» Problem requirements
After locating the line containing "927 Coast Walk Lane" in the entries below, please write out that line and the rest through the end exactly. Omit pictures.

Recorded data
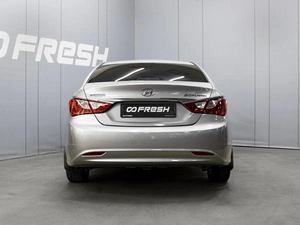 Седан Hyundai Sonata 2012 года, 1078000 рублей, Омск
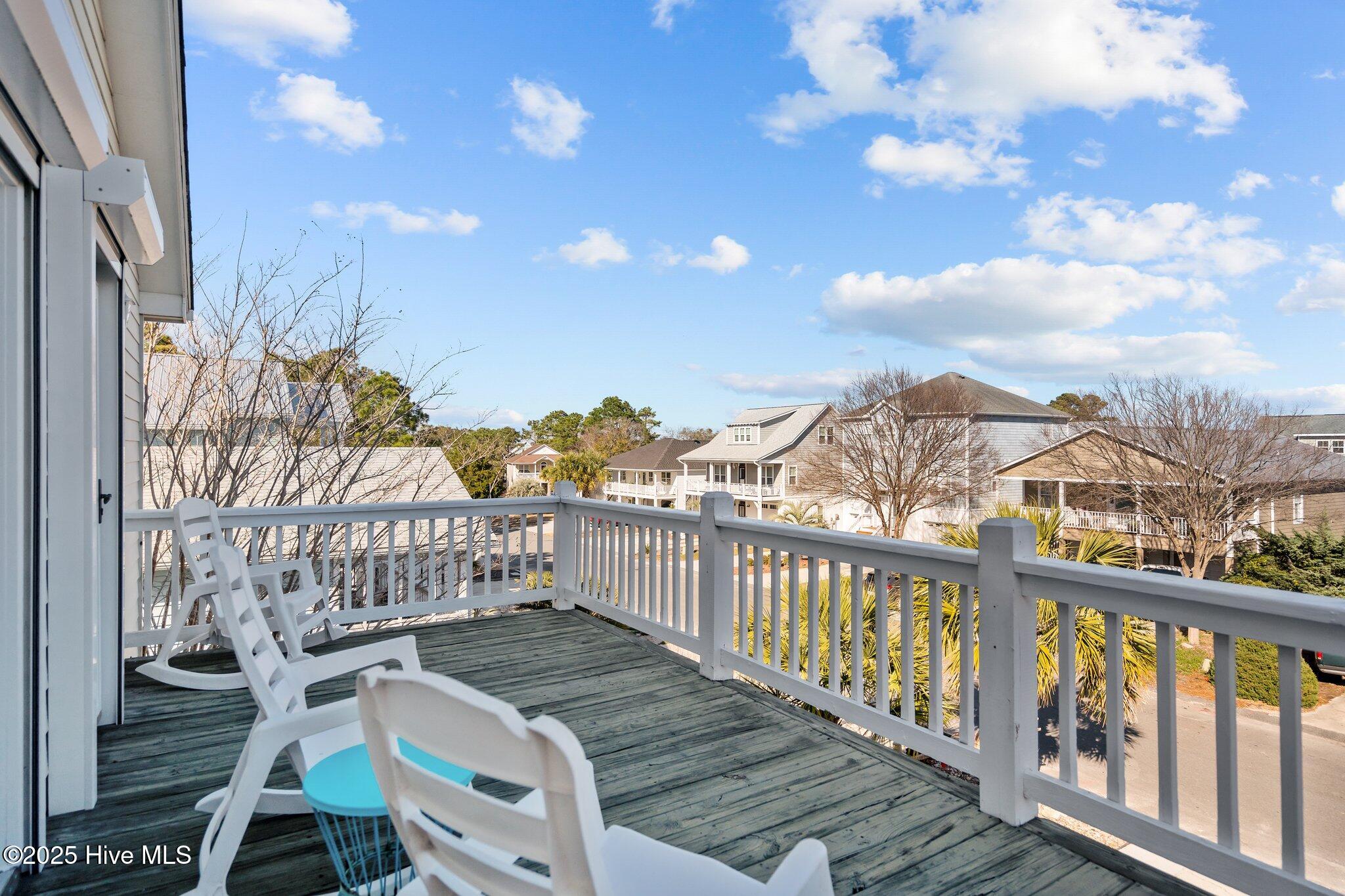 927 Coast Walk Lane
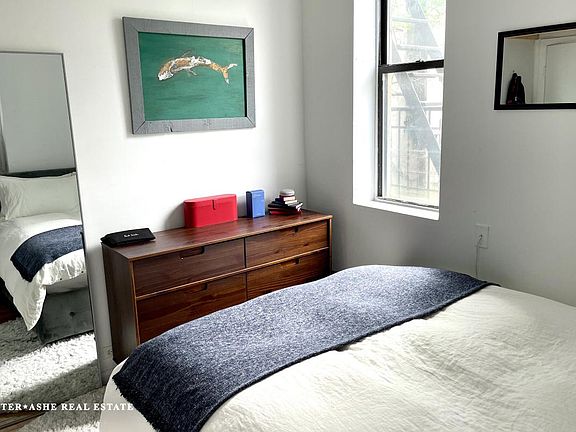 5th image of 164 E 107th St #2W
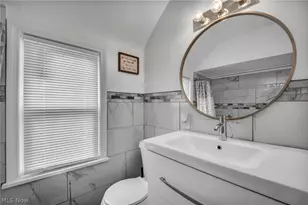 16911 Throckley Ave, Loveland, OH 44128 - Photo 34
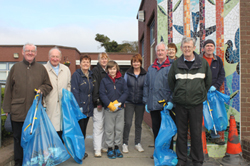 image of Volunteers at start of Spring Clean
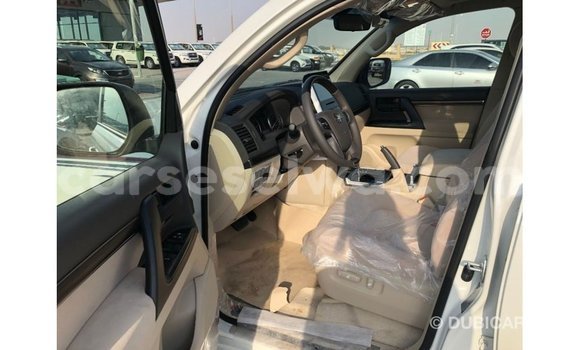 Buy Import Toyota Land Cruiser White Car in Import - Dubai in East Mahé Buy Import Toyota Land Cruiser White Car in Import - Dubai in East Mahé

» Completed task
 927 Coast Walk Lane
 5th image of 164 E 107th St #2W
 16911 Throckley Ave, Loveland, OH 44128 - Photo 34
 image of Volunteers at start of Spring Clean
 Buy Import Toyota Land Cruiser White Car in Import - Dubai in East Mahé Buy Import Toyota Land Cruiser White Car in Import - Dubai in East Mahé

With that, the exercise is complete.